▶ _Task to complete_
Restate the lines word for word, from the first line of the records through the line containing "BC124142 by WAGNER". Leave out the pictures and anything after that line.

▶ _Record set_
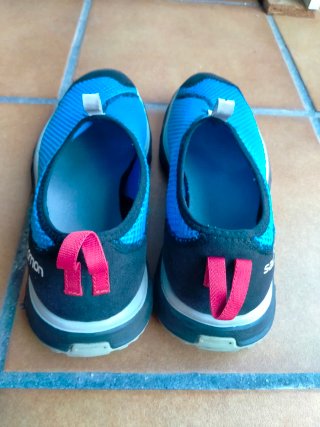 Zapatillas Salomon RX Moc 3.0 Azul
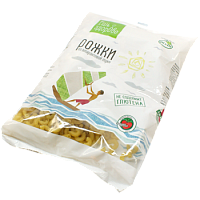 Рожки из амарантовой муки (без глютена) "Ешь Здорово" / 250 г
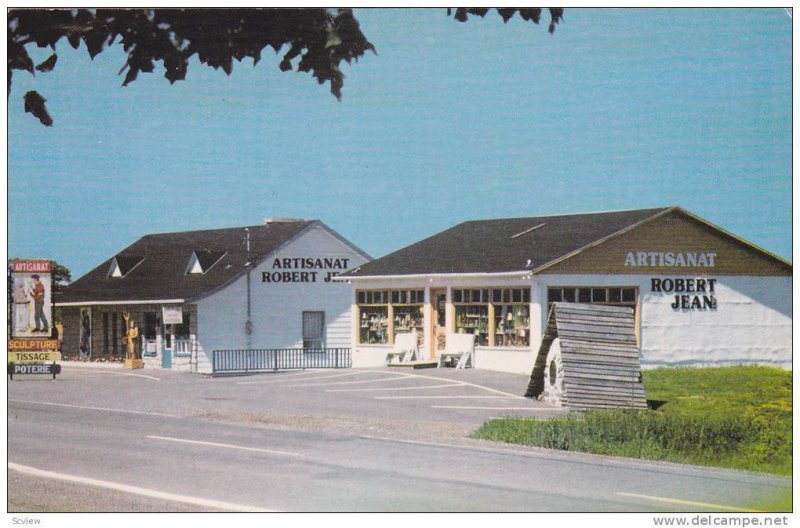 Artisanat Robert Jean inc., St-Jean Port-Joli, Quebec,  Canada,  50-70s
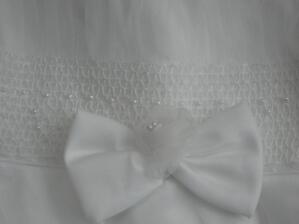 TipTop Taufkleid festliches Babykleid Tradition wei&szlig;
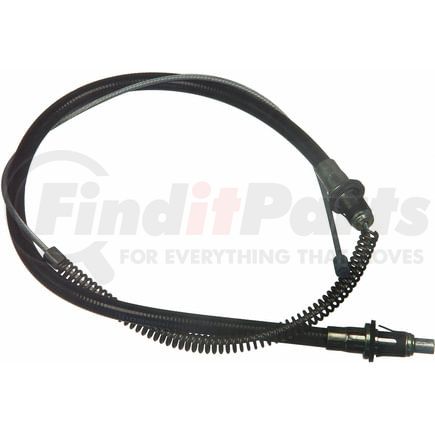 BC124142 by WAGNER - Wagner Brake BC124142 Parking Brake Cable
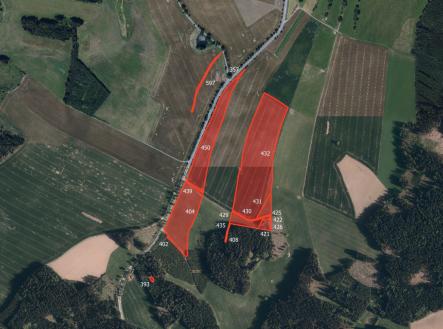 Prodej - pozemek, zemědělská půda, 77 573 m² obrázek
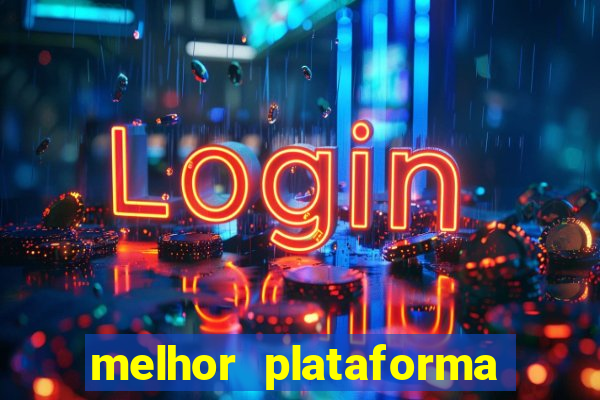 melhor plataforma de jogos para ganhar dinheiro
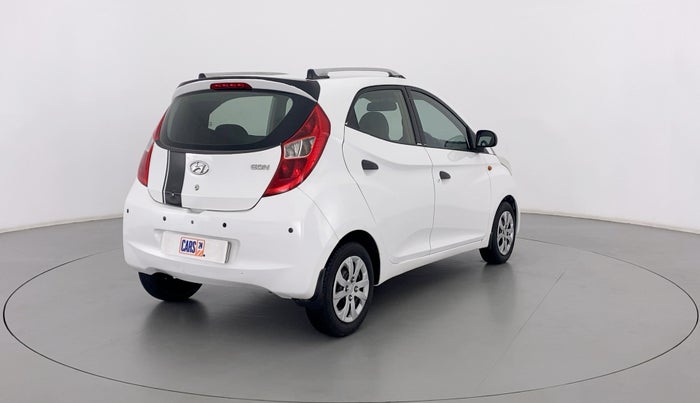 2017 Hyundai Eon MAGNA PLUS, Petrol, Manual, 25,201 km, Right Back Diagonal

▶ _Answer for the task_
 Zapatillas Salomon RX Moc 3.0 Azul
 Рожки из амарантовой муки (без глютена) "Ешь Здорово" / 250 г
 Artisanat Robert Jean inc., St-Jean Port-Joli, Quebec,  Canada,  50-70s
 TipTop Taufkleid festliches Babykleid Tradition wei&szlig;
 BC124142 by WAGNER - Wagner Brake BC124142 Parking Brake Cable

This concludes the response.